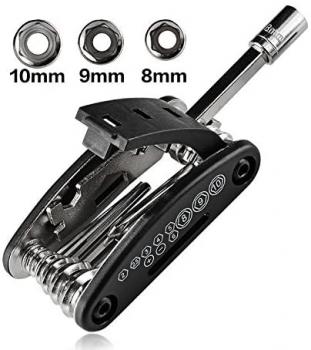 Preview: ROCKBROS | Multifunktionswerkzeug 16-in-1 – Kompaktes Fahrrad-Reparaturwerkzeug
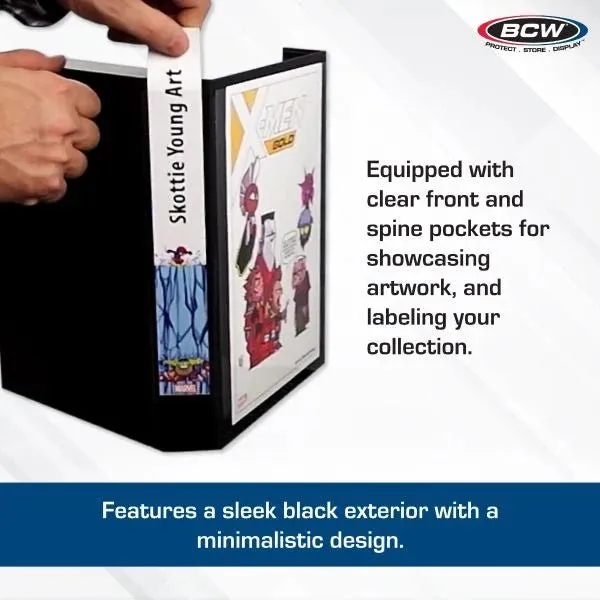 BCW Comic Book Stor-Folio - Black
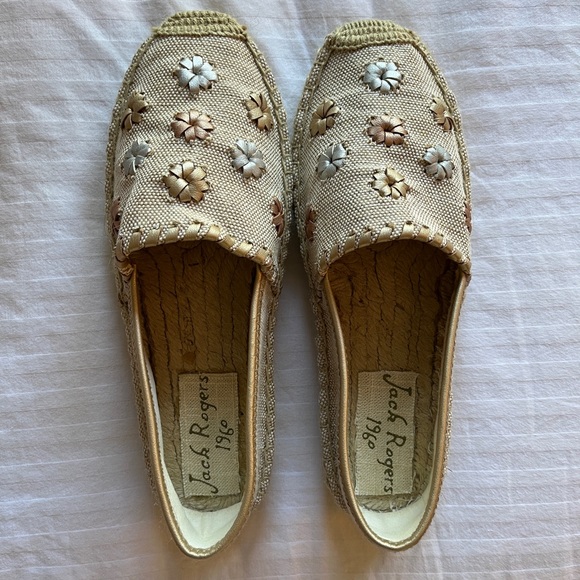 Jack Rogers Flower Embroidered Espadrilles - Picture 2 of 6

— What to produce —
Write the listing out again in full and unchanged, minus any pictures.

— The answer —
 Preview: ROCKBROS | Multifunktionswerkzeug 16-in-1 – Kompaktes Fahrrad-Reparaturwerkzeug
 BCW Comic Book Stor-Folio - Black
 Jack Rogers Flower Embroidered Espadrilles - Picture 2 of 6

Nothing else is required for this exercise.